The fact that you have a cascading delete in your example isn't really relevant, as long as the consistency of individual records is OK.

How can a transaction go from Active to Rolled Back if it exits abnormally?

This can happen in one of two ways.

When a transaction starts, it takes out a lock on its own transaction id. If a transaction (B) attempts to update or delete a record and finds that the most recent version of the record was created by a transaction (A) whose TIP state is ACTIVE, transaction B tries to get a conflicting lock on A's transaction id. A live transaction maintains an exclusive lock on its own id, and the lock manager can probe a lock to see if the owner is still alive. If the lock is granted, then B knows that A died and changes A's TIP state from Active to Rolled Back.

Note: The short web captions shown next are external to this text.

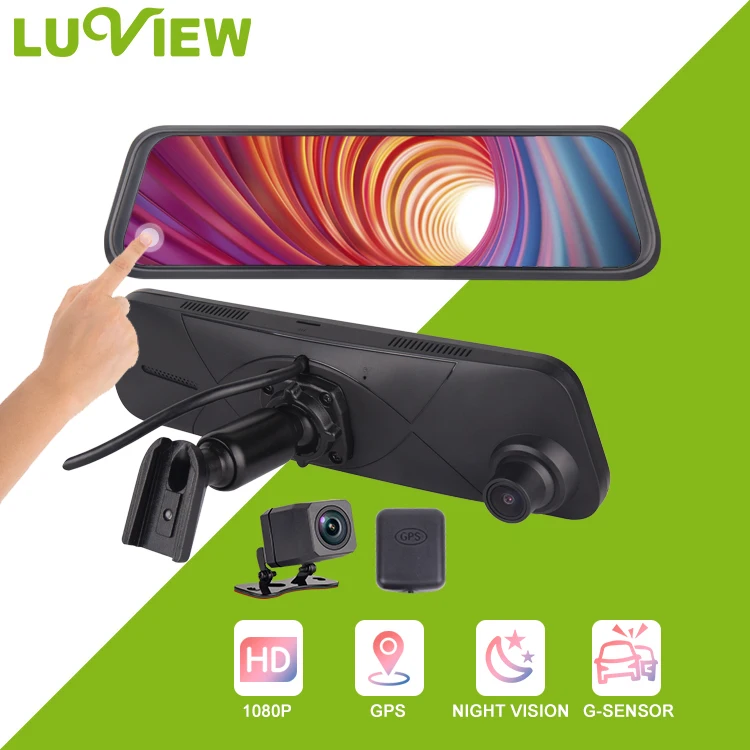 Luview оптовая продажа видеорегистратор 1080P 2-канальная камера 9 66 дюймов зеркальная с системой слежения Gps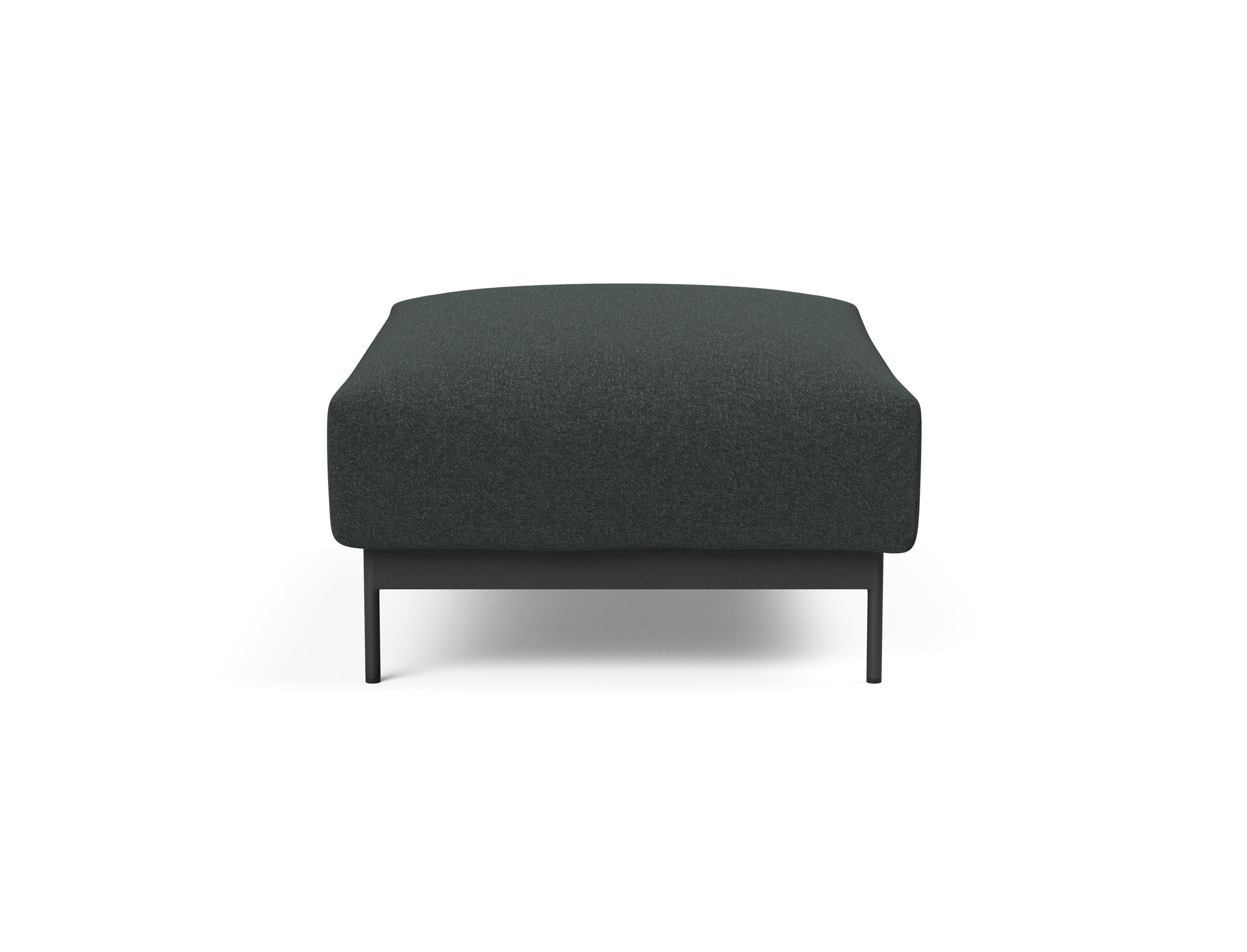 Malloy Fabric Ottoman w/Black Metal Legs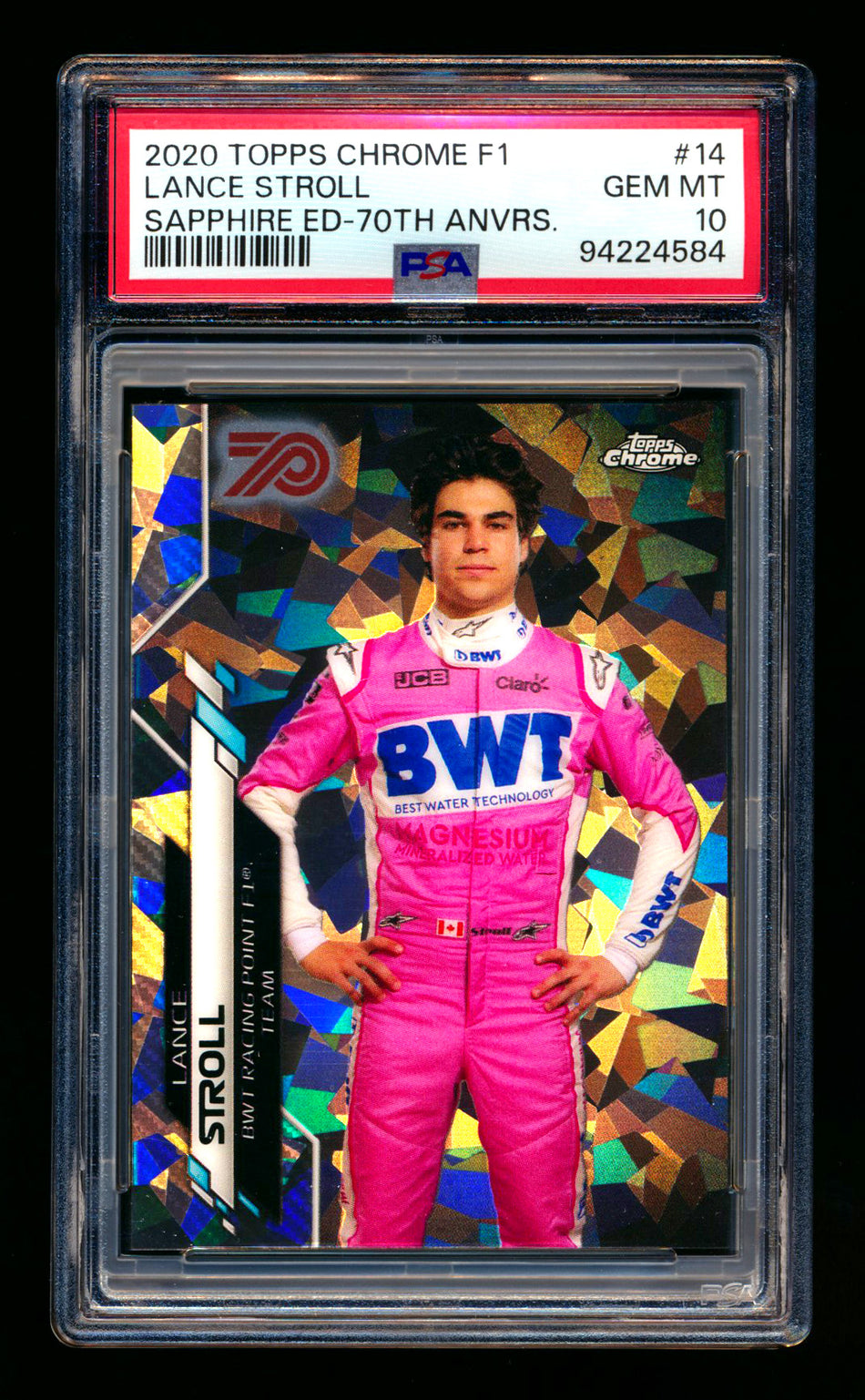 2020 Topps Chrome Sapphire F1 #14 Lance Stroll RC 70th Silver Refractor Portrait #28/70 PSA 10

When a transaction starts, it checks to see if it can get an exclusive lock on the database - if it can no other transactions are active. Every active transaction has a shared lock on the database. If it gets an exclusive lock, it converts all Active TIP entries to Rolled Back.

(from: Firebird for the Database Expert: Episode 4 - OAT, OIT, & Sweep)

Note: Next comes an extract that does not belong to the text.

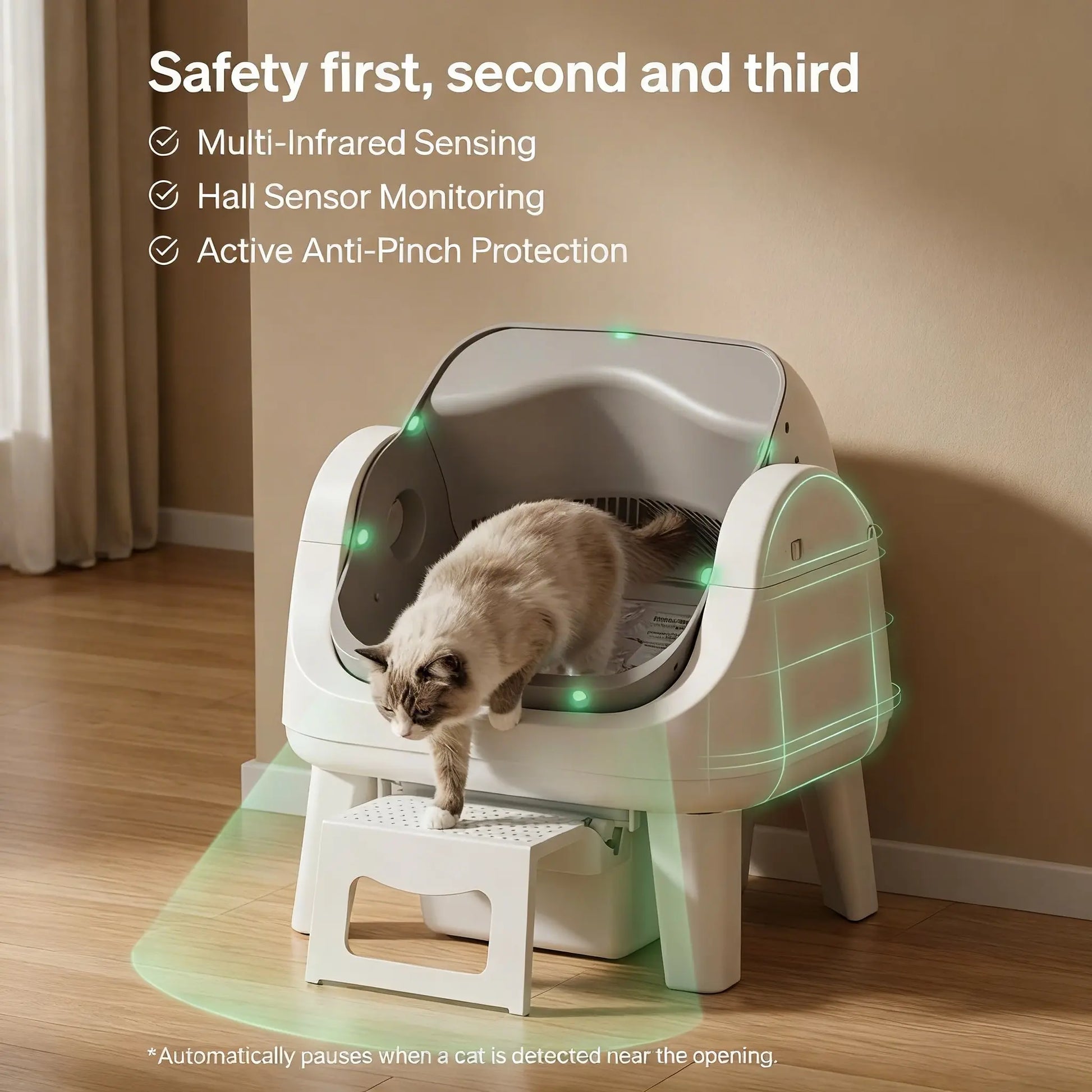 Petpivot Autoscooper 12 Lite Open Top Self-Cleaning Cat Litter Box with Advanced Safety Sensors and Accessible Design for Senior Cats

To prevent dataloss, Firebird employs what is called a "careful write" strategy to ensure on-disk consistency, by ensuring data is written in an order that maintains the dependencies between data pages (and versions).

The new record is written in the same place as the old record, while the back version is written to reconstruct the old record. There are basically two scenarios:

The new version and its back version fit on the same data page.

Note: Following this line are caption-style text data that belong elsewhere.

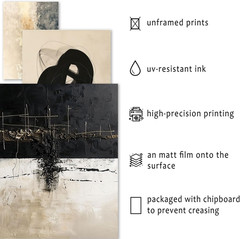 16 PCS Black and White Abstract Wall Art Decor, Minimalist Gallery Wall Prints f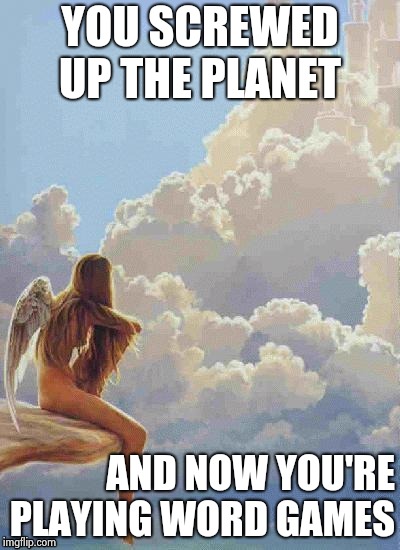 YOU SCREWED UP THE PLANET AND NOW YOU'RE PLAYING WORD GAMES | image tagged in angel thoughts | made w/ Imgflip meme maker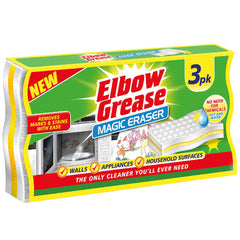 Elbow Grease Chemical-Free Magic Sponges Eraser For Walls Stains Remover 3Pk
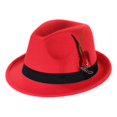 thumbnail image 1 of QASIEATN Elegant Fedora Hat for Women Fashion Feather Ornament Jazz Hat Church Party Essentials Solid Color Panama Hat, 1 of 2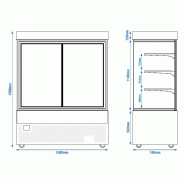 Vitrine réfrigérée 1500 mm - 1400L - double vitrage avec 3 étagères | KTG157W_4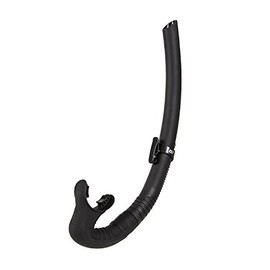 IST Dry Top Foldable Snorkel for Freediving & Spearfishing, Flexible Roll Up Design, Compact for Travel- Black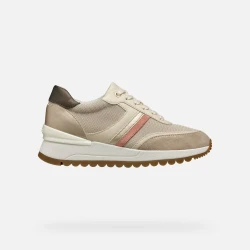 Desya Woman Sneakers Light Taupe 39 Lightweight Breathable Casual Shoes Shiny Fabric Leather Effect Everyday Wear Comfortable Design Sporty Aesthetic For Women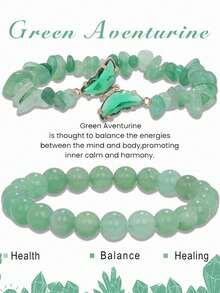 2入組卡片手鍊套裝,天然石蝴蝶吊墜水晶手鍊,為女性能量療癒石頭手鍊,為男性珠寶心願卡 - 彩色 - 查看 21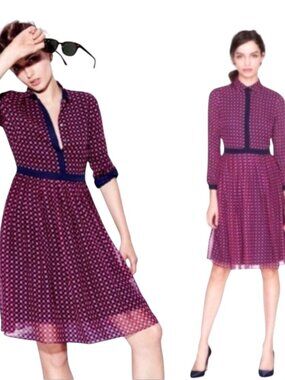 J. Crew Silk Pink Navy Houndstooth Print Long Sleeve Shirt Dress
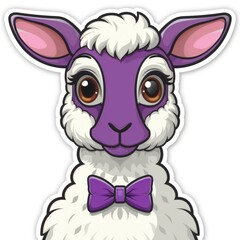 Fototapeta premium Sticker, sheep with a bowtie knitting in the style of cartoon style on a white background, Drawn in a cutely cute style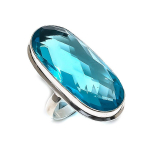 Natural Swiss Blue Topaz Gemstone 925 Sterling Silver Jewelry Ring Size 8 u1o00
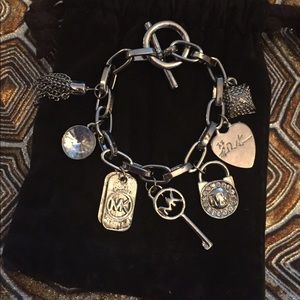Michael Kors chain link silver tone charm bracelet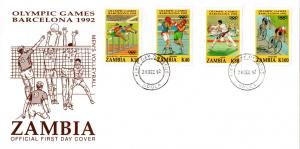 Zambia - 1992 Olympic Games FDC SG 713-716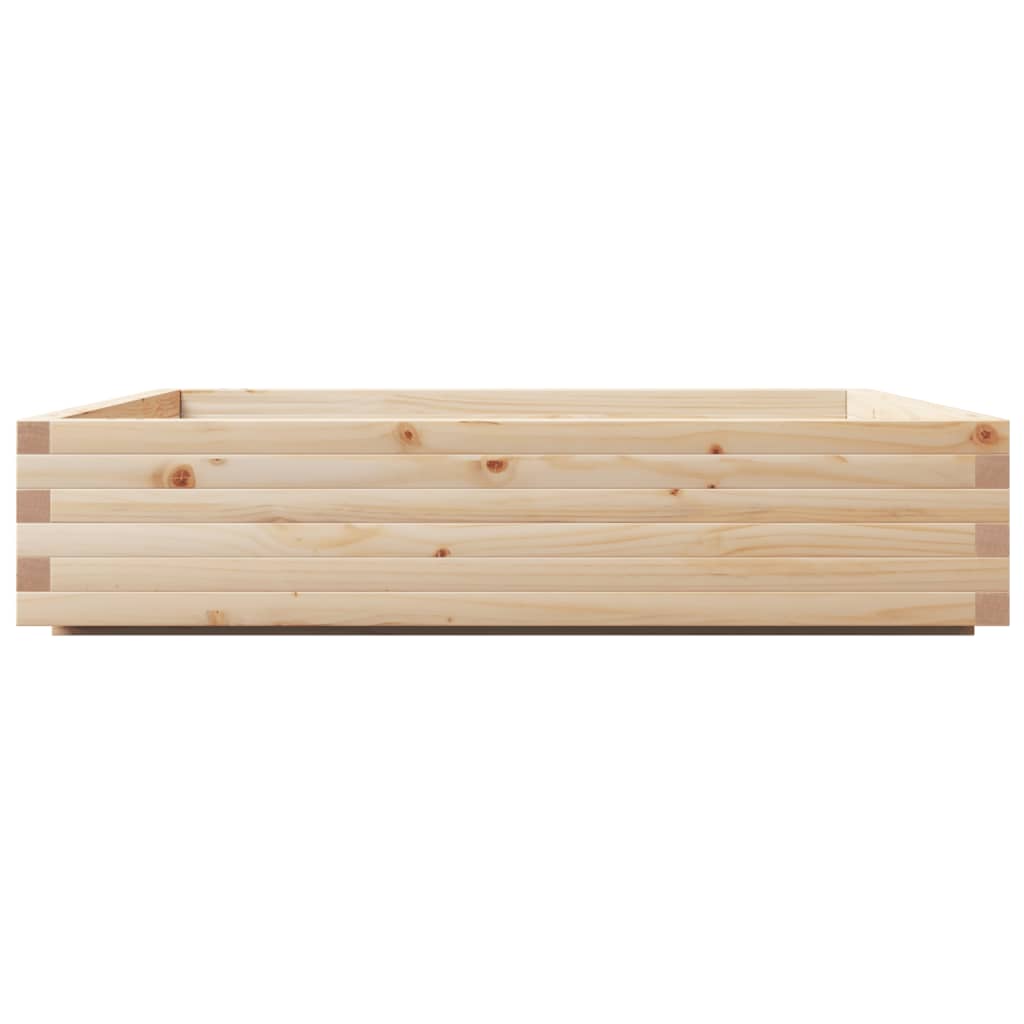 vidaXL Jardinera de madera maciza de pino 110x110x26,5 cm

Both new and back version are written to the in-memory image of the page, and the page is written to disk.

In this situation, the only real 'failure' mode would be that the disk write itself is only partially done when the power fails. This problem can be addressed by using disk controllers with a backup battery unit (BBU) or similar solution.
The back version doesn't fit on the same page, and has to go on another data page.

The back version and new version are written to the in-memory image of their respective pages. As the new version depends on the back version (it points to the back version), the page with the back version is written to disk first, then the page with the new version is written to disk.

If the process terminates after the back version is written, the back version is orphaned, but the previous version of the record is still intact. It also has the same failure mode as the previous one.

So, in case of a power outage, or other type of termination of the Firebird process, this means that you possibly have orphaned pages (pages allocated but not yet registered, or pages released but not yet marked as available), or orphaned records (a back version that is written, but not yet correctly linked in a version chain of records). These orphaned pages or back versions waste space, but do not affect consistency. It might be necessary to use gfix to fix and reclaim space wasted that way.

That said, besides having failures mid-write and no BBU, I believe there are scenarios where a power outage leaves the database in a state where it first needs to be repaired using gfix, but I haven't encountered those scenarios myself and I can't really think of one right now.

This all assumes that you have synchronous writes (forced writes) enabled on your Firebird database (the default). If you disable synchronous writes, then writing pages to disk is left to your OS, and this might result in data-loss as pages might be written in a different order, for example the new version has been written to disk, but the back version not yet at the time of the outage, then you have essentially lost the committed version of the row, orphaned previous back versions, and the back version pointer of the new version points to garbage.